Impact of the Dollar Index and Emerging Market Currencies

Q. With the dollar index rebounding from three-week lows and showing high volatility, do you expect further strength? How might that affect gold prices and emerging market currencies like the rupee?
Anindya Banerjee: The US dollar index looks poised for a significant rebound, potentially pushing above 102. The decline of earlier expectations that the Fed would implement significant rate cuts, which once drove the dollar index down from nearly 109 to 97, has now reversed. Moreover, the market currently exhibits heavy short positions, suggesting the potential for a short squeeze if a triggering event occurs. Under these conditions, unless a major global risk-off episode further accelerates the dollar’s strength, we expect the index to remain largely sideways. This environment supports the notion of a sideways correction in gold prices.

USD-INR and Trade Developments

Q. The rupee has been weak lately, partly due to a domestic equity sell-off and stalled US-India trade talks. What is your view on the USD-INR for the coming week, especially in light of Fed policy risks?
Anindya Banerjee: The uncertainty around trade negotiations between India and the US is weighing on the rupee, compounded by limited capital inflows. While there have been some debt inflows, equity markets are still facing outflows, and FDI figures have declined. Furthermore, the RBI’s intervention by buying dollars helps support the lower side of the rupee. Presently, the technical range for the rupee is about 85–87 per USD. A breakout above 87 would be significant and could trigger an all-time high above 88. However, given that a trade deal with the US appears likely—reinforced by additional agreements such as the recent India-UK FTA, the rupee may find further support, keeping it within the current range.

Geopolitical Concerns and Commodity Markets

Q. There is significant tension between Thailand and Cambodia right now, along with other unresolved global trade issues. Could geopolitical concerns lend new support to gold and silver despite the recent corrections?
Anindya Banerjee: Geopolitical tensions could impact gold and silver prices, but only if they reach a significant magnitude, similar to conflicts involving Israel and Iran or Ukraine and Russia.
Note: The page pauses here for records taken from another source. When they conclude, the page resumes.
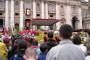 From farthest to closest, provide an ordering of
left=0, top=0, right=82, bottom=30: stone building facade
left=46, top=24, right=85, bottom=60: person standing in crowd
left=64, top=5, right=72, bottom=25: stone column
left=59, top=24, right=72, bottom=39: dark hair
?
left=64, top=5, right=72, bottom=25: stone column, left=0, top=0, right=82, bottom=30: stone building facade, left=59, top=24, right=72, bottom=39: dark hair, left=46, top=24, right=85, bottom=60: person standing in crowd

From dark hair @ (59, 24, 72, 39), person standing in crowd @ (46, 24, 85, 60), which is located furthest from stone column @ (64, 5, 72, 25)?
person standing in crowd @ (46, 24, 85, 60)

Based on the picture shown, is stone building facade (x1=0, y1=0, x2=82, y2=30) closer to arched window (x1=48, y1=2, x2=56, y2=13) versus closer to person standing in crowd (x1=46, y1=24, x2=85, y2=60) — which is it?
arched window (x1=48, y1=2, x2=56, y2=13)

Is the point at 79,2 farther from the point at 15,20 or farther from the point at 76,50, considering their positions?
the point at 76,50

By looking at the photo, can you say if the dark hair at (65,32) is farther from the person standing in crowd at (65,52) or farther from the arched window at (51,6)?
the arched window at (51,6)

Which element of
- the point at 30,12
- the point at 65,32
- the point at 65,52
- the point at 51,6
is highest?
the point at 51,6

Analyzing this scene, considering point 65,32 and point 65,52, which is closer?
point 65,52

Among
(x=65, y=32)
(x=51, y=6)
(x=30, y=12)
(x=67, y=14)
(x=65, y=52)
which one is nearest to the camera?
(x=65, y=52)

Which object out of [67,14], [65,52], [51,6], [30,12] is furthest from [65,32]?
[67,14]

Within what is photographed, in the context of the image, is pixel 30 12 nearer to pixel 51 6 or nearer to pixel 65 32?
pixel 51 6

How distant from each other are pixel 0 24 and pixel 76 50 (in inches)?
2513

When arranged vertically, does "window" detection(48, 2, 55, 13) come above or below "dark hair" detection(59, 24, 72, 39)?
above

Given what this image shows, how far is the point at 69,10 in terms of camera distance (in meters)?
77.2

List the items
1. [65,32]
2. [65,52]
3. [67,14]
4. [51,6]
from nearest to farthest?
[65,52], [65,32], [51,6], [67,14]

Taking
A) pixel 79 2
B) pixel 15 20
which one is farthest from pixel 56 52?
pixel 79 2
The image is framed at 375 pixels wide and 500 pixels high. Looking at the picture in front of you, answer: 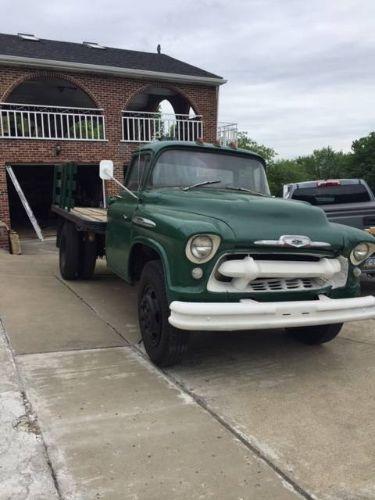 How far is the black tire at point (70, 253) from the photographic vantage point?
808 centimetres

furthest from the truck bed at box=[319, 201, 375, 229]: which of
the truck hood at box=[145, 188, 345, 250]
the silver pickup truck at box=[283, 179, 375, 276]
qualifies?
the truck hood at box=[145, 188, 345, 250]

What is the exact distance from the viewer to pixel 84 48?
18.0m

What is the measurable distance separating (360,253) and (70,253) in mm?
4927

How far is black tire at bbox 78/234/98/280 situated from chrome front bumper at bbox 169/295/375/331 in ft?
14.1

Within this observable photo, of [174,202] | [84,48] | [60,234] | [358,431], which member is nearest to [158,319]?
[174,202]

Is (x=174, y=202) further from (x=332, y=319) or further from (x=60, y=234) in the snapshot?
(x=60, y=234)

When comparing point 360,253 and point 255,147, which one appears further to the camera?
point 255,147

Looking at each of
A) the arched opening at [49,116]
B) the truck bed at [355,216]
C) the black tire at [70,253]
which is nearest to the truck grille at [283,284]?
the truck bed at [355,216]

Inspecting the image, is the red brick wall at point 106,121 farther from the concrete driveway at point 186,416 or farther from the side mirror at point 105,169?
the concrete driveway at point 186,416

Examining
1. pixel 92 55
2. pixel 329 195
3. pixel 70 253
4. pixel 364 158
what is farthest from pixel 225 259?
pixel 364 158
In the case of Cambodia and Thailand, while the situation is unfortunate, it does not currently have a global impact strong enough to influence bullion prices significantly. Moreover, even when geopolitics play a role, such impacts tend to be short-lived, lasting one to two days before fading.

Broader Commodity Trends

Q. What can we expect this week for bullion and other commodities?
Anindya Banerjee: For bullion, silver appears attractive at its current levels (around ₹1,13,000–₹1,14,000) as medium-term players might consider accumulating longs. Gold should be viewed as a buy on dips, provided buyers are prepared for potential price drops to around ₹95,000 on MCX if key support breaks. On the broader commodity front, copper and aluminum seem promising, while oil is expected to remain range bound.

Disclaimer: Recommendations, suggestions, views and opinions given by the experts/brokerages do not represent the views of Economic Times.